Il cinema già non c’era più. Si era trasferito, l’anno prima,  a 200 metri di distanza, in una nuova costruzione, più grande. Ma sempre con lo stesso nome “Cavallino Bianco” (che derivava da un’operetta). Aveva quasi 1.000 posti. Da una trentina d’anni non è più cinema neanche quello. E’ diventato prima cinema-locale a luci rosse, poi “american bar”, con le luci dello stesso colore.

Quello precedente, in piazza Dante, era un cinema angusto, fumoso, ricavato in una specie di garage, proprio dietro al bar. Si entrava dal bar. Quindi la consumazione era praticamente obbligatoria… Come il Bar Italia nel filmato, anche il Cavallino Bianco brulicava di gente, dalla mattina alla sera. Situati a poche decine di metri l’uno dall’altro, i due bar avevano anche un’insegna luminosa verticale identica: una rossa (il Cavallino Bianco) e una gialla (il bar Italia). E quelle due insegne sono ancora al loro posto, retaggio e testimonianza autentica di quei tempi e dei fasti che oggi sono solo un ricordo.

Il bel negozio di Piazza Dante 14 è gestito da una signora che è tornata a Chiusi dopo aver vissuto fuori per un bel po’ di tempo. Ma anche per lei si tratta di un ritorno alle origini, perché è la figlia di due gestori del bar Cavallino Bianco, negli anni ’70 e ’80.  Prima ce ne erano stati altri, dopo di loro altri ancora. Si chiama Patrizia Camilloni e diciamo che ha voluto riannodare un filo. Di memoria familiare, ma anche di memoria collettiva. Perché quel luogo è un luogo delle memoria collettiva di Chiusi Scalo che è tornato a nuova vita. Con altre spoglie, ma è tornato in qualche modo a pulsare. A produrre sensazioni, oltre che reddito.
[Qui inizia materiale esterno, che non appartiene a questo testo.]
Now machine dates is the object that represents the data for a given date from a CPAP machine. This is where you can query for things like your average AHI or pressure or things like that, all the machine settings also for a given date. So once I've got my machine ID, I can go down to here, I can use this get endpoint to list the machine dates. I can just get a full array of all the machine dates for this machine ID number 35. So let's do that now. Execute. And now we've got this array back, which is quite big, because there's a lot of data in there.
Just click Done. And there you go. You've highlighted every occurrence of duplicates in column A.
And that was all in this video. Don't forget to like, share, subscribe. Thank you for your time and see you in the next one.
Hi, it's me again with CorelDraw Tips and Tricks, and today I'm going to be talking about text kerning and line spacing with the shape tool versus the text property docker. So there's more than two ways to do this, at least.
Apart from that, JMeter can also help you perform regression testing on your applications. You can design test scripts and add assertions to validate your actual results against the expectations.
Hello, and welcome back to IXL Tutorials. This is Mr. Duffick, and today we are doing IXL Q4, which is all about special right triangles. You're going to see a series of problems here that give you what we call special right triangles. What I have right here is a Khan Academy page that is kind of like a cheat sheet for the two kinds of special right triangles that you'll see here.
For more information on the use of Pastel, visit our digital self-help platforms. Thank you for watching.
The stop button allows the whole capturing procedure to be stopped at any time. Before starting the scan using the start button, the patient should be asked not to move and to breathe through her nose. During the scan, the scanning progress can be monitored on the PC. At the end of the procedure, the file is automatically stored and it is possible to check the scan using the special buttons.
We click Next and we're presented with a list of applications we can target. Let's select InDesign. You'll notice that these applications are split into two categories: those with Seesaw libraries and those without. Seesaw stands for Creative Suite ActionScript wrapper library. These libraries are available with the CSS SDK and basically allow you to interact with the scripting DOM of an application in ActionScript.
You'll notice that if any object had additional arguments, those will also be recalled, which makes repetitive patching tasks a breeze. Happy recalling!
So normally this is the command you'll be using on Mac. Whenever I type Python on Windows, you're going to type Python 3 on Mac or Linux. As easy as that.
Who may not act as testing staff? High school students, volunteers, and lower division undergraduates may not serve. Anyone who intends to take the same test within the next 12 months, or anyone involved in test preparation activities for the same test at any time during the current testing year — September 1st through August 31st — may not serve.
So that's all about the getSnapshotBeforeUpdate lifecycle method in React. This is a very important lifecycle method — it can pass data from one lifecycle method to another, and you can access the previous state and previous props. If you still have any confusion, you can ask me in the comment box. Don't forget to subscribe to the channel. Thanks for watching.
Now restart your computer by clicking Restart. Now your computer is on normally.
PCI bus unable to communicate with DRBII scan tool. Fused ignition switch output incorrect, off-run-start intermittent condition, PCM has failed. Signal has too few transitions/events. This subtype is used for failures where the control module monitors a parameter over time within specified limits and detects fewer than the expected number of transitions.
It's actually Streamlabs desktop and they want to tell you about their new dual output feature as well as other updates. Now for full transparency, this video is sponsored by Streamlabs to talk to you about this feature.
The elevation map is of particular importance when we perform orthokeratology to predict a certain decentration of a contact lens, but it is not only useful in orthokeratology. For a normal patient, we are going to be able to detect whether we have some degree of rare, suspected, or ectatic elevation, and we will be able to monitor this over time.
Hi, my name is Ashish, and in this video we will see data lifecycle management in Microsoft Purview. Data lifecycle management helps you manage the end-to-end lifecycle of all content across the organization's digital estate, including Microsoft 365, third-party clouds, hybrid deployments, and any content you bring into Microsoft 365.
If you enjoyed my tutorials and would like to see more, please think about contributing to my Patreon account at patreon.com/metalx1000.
Nel tempo quel locale ha ospitato anche una sala giochi che ha visto il passaggio epocale dal flipper alle slot machines, ai giochi elettronici…  Durante la guerra e negli anni immediatamente successivi era una rimessa per auto a noleggio.

Il concept store attuale si chiama proprio “Piazza Dante 14”, che è esattamente l’indirizzo e non è solo un bel negozio. Bello a vedersi e bello da visitare, con bella roba da acquistare. Per la titolare probabilmente è una scommessa. Per Chiusi Scalo è un’idea. Magari da replicare. Come idea, non necessariamente come categoria merceologica.

E uno sguardo a come eravamo, a quegli anni tumultuosi del boom, non è solo uno sguardo rivolto al passato, un sussulto di nostalgia. Può essere una chiave di lettura per fare un passo avanti. Ripensare a come era Chiusi Scalo nel ’65, a quella vitalità, all’inventiva che ebbero allora molti commercianti e artigiani può aiutare a ripensare, a ridisegnare Chiusi Scalo da qui ai prossimi 10-15 anni… La situazione economica generale non è tale da far sognare chissà quali decolli. Ma iniziative e scommesse come quelle del ‘concept store Piazza Dante 14’, andrebbero incorniciate.